|
Class: StringUtilities
Object
|
+--StringUtilities
- Package:
- stx:libbasic2
- Category:
- Collections-Text-Support
- Version:
- rev:
1.14
date: 2022/12/15 11:58:13
- user: stefan
- file: StringUtilities.st directory: libbasic2
- module: stx stc-classLibrary: libbasic2
some less often used algorithms have been moved to here to
make libbasic more compact.
copyrightCOPYRIGHT (c) 1994 by Claus Gittinger
COPYRIGHT (c) 2009 by eXept Software AG
All Rights Reserved
This software is furnished under a license and may be used
only in accordance with the terms of that license and with the
inclusion of the above copyright notice. This software may not
be provided or otherwise made available to, or used by, any
other person.

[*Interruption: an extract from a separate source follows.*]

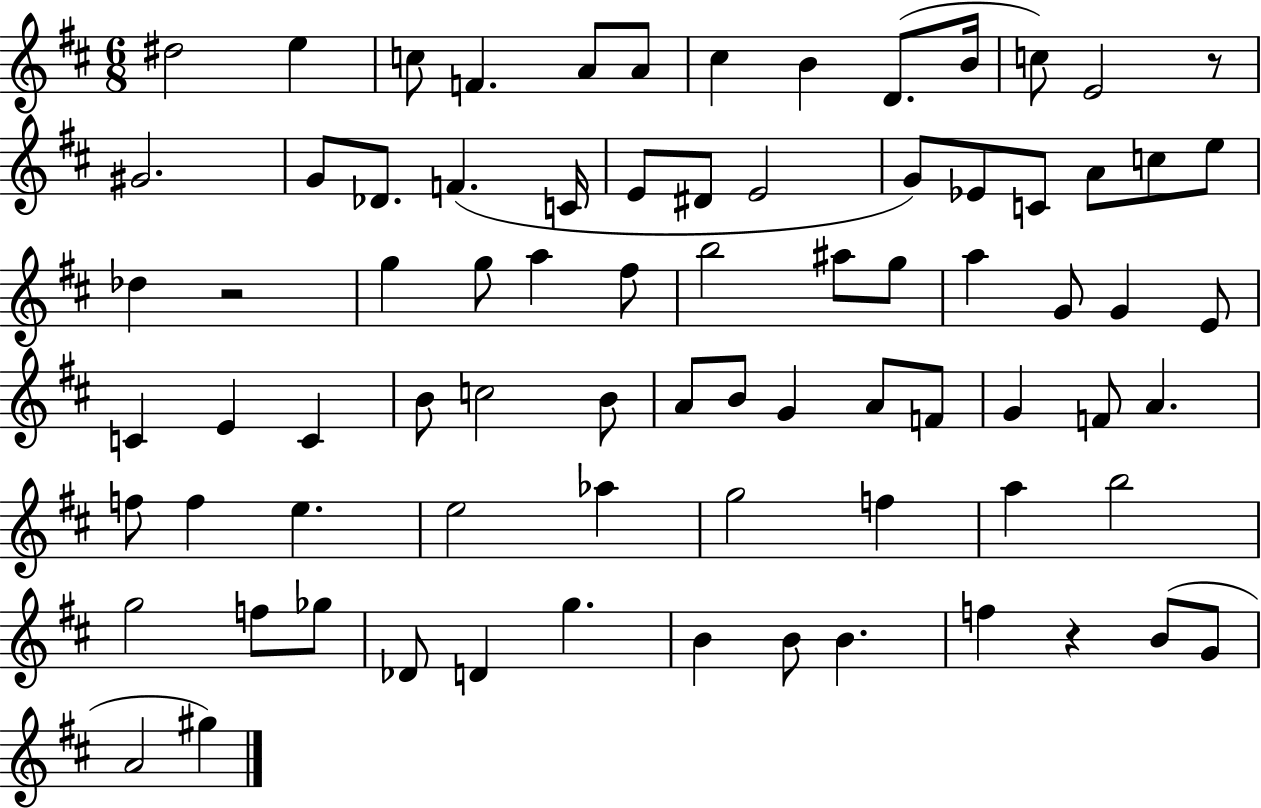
D#5/h E5/q C5/e F4/q. A4/e A4/e C#5/q B4/q D4/e. B4/s C5/e E4/h R/e G#4/h. G4/e Db4/e. F4/q. C4/s E4/e D#4/e E4/h G4/e Eb4/e C4/e A4/e C5/e E5/e Db5/q R/h G5/q G5/e A5/q F#5/e B5/h A#5/e G5/e A5/q G4/e G4/q E4/e C4/q E4/q C4/q B4/e C5/h B4/e A4/e B4/e G4/q A4/e F4/e G4/q F4/e A4/q. F5/e F5/q E5/q. E5/h Ab5/q G5/h F5/q A5/q B5/h G5/h F5/e Gb5/e Db4/e D4/q G5/q. B4/q B4/e B4/q. F5/q R/q B4/e G4/e A4/h G#5/q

No title to or ownership of the software is
hereby transferred.
edit distance
-
editDistanceFrom: s1 to: s2 s: substWeight k: kbdTypoWeight c: caseWeight e: exchangeWeight i: insrtWeight
-
another, simpler editing distance between two strings.
See also: levenshtein
Usage example(s):
'comptuer' levenshteinTo:'computer' -> 8
self editDistanceFrom:'comptuer' to:'computer' s:4 k:2 c:1 e:nil i:2 -> 8
'computr' levenshteinTo:'computer' -> 2
self editDistanceFrom:'computr' to:'computer' s:4 k:2 c:1 e:nil i:2 -> 2
'computer' levenshteinTo:'computre' -> 8
self editDistanceFrom:'computer' to:'computre' s:4 k:2 c:1 e:nil i:2 -> 8
'copmuter' levenshteinTo:'computer' -> 8
self editDistanceFrom:'copmuter' to:'computer' s:4 k:2 c:1 e:nil i:2 -> 8
|
-
isKey: k1 nextTo: k2
-
return true, if k1 and k2 are adjacent keys on the keyboard.
This is used to specially priorize plausible typing errors of adjacent keys.
Usage example(s):
self isKey:$a nextTo:$a
self isKey:$a nextTo:$s
self isKey:$a nextTo:$q
self isKey:$a nextTo:$w
self isKey:$a nextTo:$y
self isKey:$a nextTo:$z
self isKey:$a nextTo:$x
self isKey:$ö nextTo:$ä onKeyboard:(StringUtilities keyboardLayoutForLanguage:#de)
self isKey:$ü nextTo:$ä onKeyboard:(StringUtilities keyboardLayoutForLanguage:#de)
self isKey:$t nextTo:$z onKeyboard:(StringUtilities keyboardLayoutForLanguage:#de)
self isKey:$t nextTo:$z onKeyboard:(StringUtilities keyboardLayoutForLanguage:#en)
|
-
isKey: k1 nextTo: k2 onKeyboard: keys
-
return true, if k1 and k2 are adjacent keys on the keyboard defined by keys
Usage example(s):
self isKey:$a nextTo:$q onKeyboard:(StringUtilities keyboardLayoutForLanguage:#de)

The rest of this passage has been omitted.